Intel 3.20GHz “Prescott” Pentium IV

..:: SSE3 Instruction Set – P.N.I. ::..

Yet another new improvement that comes along with the “Prescott” processor is that of the thirteen new instructions that make up the SSE3 instruction set. Now, as we all know it will take some time for new software to be written, or re-coded to work with these new SSE3 instructions and add new optimizations, so for now these new instructions are really out of the performance picture. As time progresses, we will see software that has been optimized for SSE3, and only then will we be able to realize the performance enhancements that it brings. The bulk of the SSE3 instructions all allow for more optimized coding schemes for software, which should increase overall performance of the given software. Given the complexity of some of these new instructions, I’m only going to graze the surface about the SSE3 instructions to give you a rough idea about the optimizations that each allows. 

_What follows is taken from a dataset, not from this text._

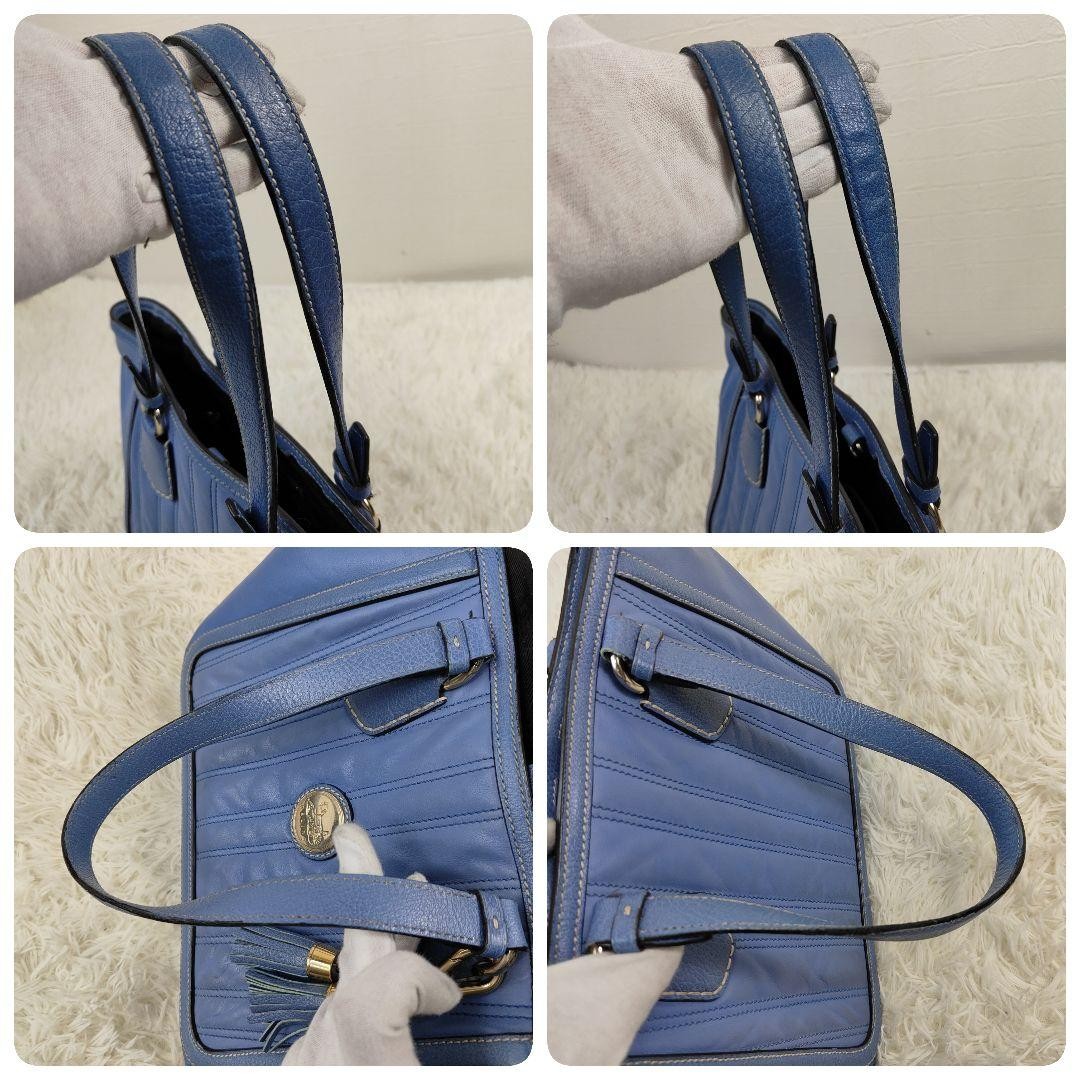 CELINE Hand Bag Tote Purse Horse carriage Leather Authentic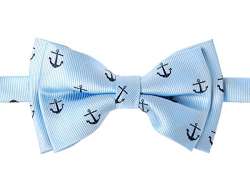 Retreez Preppy Stripe Pattern Woven Microfiber Pre-tied Boys Bow Tie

The thirteen new instructions included in SSE3 allow for optimizations of x87 to Integer conversions, Complex Arithmetic, Video Encoding, Graphics, and HT optimizations. With the exception of only three of these instructions, those being the x87 to Integer conversion and HT instructions, all of these new enhancements utilize the SSE registers. The first new instruction we will discuss is the fisttp instruction for x87 to Integer conversions. Basically, when a number is converted from x87 to an integer, it must meet a given specification for C/C++ and other languages. In order to do so, the rounding mode must be configured to the “chop” setting. With the older fistp instruction, the default rounding mode was “even” which failed to allow for the proper rounding accuracy required. This new instruction always uses “chop” as the rounding mode and is able to ignore something called the FP Control Word which is a feature of the x87 value. With this instruction, coding can be cut down from several lines to one single line. 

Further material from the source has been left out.